(Extracted information Opens)
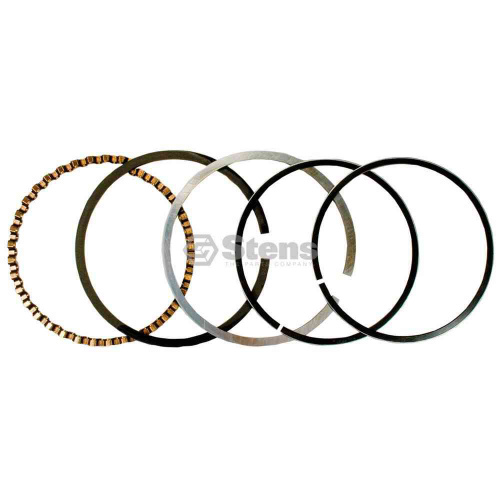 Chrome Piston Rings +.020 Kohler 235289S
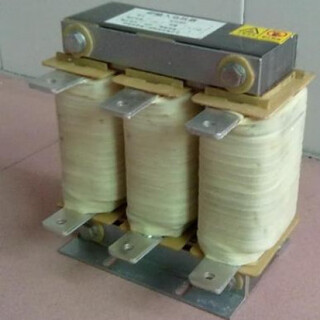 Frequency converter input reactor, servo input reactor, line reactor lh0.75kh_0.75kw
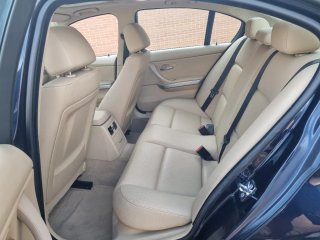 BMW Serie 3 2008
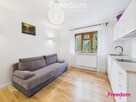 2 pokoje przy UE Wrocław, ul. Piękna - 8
(Extracted information Closes)
(Extracted information Opens)
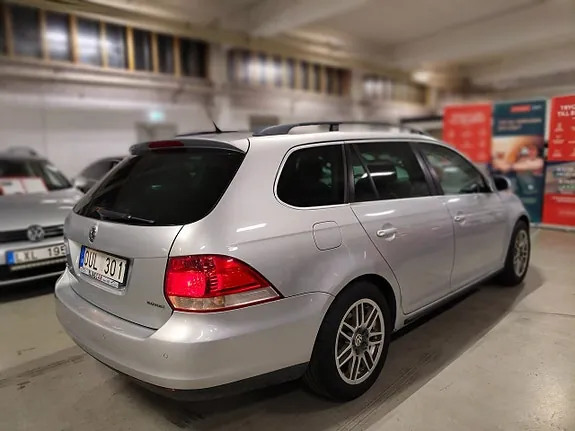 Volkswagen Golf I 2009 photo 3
(Extracted information Closes)
**What is needed**
In the listing above, find the line holding "Frequency converter input" and the line holding "2 pokoje przy UE Wrocław, ul. Piękna - 8". Reproduce those two lines and all between them exactly, leaving out pictures.

**Solution for this exercise**
 Frequency converter input reactor, servo input reactor, line reactor lh0.75kh_0.75kw
 BMW Serie 3 2008
 2 pokoje przy UE Wrocław, ul. Piękna - 8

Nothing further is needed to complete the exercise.